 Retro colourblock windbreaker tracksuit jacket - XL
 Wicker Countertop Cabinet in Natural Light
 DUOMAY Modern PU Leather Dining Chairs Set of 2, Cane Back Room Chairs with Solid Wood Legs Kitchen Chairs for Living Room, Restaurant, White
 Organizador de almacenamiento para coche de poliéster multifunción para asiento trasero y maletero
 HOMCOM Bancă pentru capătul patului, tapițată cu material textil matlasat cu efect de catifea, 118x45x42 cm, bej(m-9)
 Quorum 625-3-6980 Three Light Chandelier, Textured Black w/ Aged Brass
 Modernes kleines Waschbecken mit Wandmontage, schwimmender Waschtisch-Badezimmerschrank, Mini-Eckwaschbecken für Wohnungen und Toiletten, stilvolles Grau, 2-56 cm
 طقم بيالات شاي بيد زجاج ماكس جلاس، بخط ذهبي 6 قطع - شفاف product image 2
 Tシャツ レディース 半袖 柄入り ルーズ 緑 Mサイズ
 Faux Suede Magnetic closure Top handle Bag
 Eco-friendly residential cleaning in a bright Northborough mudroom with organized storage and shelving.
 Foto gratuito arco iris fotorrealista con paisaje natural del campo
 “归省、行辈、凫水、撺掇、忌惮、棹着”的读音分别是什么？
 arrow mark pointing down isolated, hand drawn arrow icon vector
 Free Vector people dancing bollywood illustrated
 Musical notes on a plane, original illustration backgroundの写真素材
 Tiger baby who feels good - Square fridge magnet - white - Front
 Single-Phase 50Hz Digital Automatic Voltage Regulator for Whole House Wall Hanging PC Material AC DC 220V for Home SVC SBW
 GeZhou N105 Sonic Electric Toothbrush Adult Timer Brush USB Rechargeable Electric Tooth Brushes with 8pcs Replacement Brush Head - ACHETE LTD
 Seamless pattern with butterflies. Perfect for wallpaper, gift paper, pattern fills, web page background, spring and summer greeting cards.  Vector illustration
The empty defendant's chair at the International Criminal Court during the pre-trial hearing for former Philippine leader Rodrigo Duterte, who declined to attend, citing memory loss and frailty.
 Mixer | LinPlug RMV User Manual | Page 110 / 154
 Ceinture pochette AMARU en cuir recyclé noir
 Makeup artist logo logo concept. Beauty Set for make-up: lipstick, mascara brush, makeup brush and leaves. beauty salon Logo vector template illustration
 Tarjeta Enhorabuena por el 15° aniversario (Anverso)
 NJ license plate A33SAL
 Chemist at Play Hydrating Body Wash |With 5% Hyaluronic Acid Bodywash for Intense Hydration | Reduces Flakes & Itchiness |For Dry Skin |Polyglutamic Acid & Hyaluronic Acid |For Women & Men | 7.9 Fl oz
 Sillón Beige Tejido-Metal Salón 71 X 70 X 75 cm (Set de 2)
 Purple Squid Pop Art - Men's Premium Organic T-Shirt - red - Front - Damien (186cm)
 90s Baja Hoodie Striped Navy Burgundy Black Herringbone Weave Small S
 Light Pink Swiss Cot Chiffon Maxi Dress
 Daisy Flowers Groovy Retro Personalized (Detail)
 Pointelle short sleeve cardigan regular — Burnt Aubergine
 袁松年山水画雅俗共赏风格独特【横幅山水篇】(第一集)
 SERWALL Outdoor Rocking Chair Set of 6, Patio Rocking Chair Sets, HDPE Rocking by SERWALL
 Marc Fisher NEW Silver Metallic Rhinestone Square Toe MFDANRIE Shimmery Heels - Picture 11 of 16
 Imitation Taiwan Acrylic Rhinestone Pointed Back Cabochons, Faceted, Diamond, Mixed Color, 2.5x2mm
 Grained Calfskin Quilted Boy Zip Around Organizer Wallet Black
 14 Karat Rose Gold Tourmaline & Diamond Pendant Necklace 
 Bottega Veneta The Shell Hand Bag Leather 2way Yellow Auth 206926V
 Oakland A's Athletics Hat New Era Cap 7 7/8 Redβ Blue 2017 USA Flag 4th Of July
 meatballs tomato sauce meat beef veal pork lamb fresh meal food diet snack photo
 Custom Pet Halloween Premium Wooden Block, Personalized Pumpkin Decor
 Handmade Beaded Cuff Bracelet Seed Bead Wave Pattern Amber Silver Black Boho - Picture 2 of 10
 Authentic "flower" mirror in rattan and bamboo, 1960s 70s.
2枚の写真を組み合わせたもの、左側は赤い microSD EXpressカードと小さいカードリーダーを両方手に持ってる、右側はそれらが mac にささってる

::::

_Task to carry out_. Quote every line of the records above, from the first down to the one holding "DUOMAY Modern PU", exactly as written.

_Solution to this exercise_.
 Retro colourblock windbreaker tracksuit jacket - XL
 Wicker Countertop Cabinet in Natural Light
 DUOMAY Modern PU Leather Dining Chairs Set of 2, Cane Back Room Chairs with Solid Wood Legs Kitchen Chairs for Living Room, Restaurant, White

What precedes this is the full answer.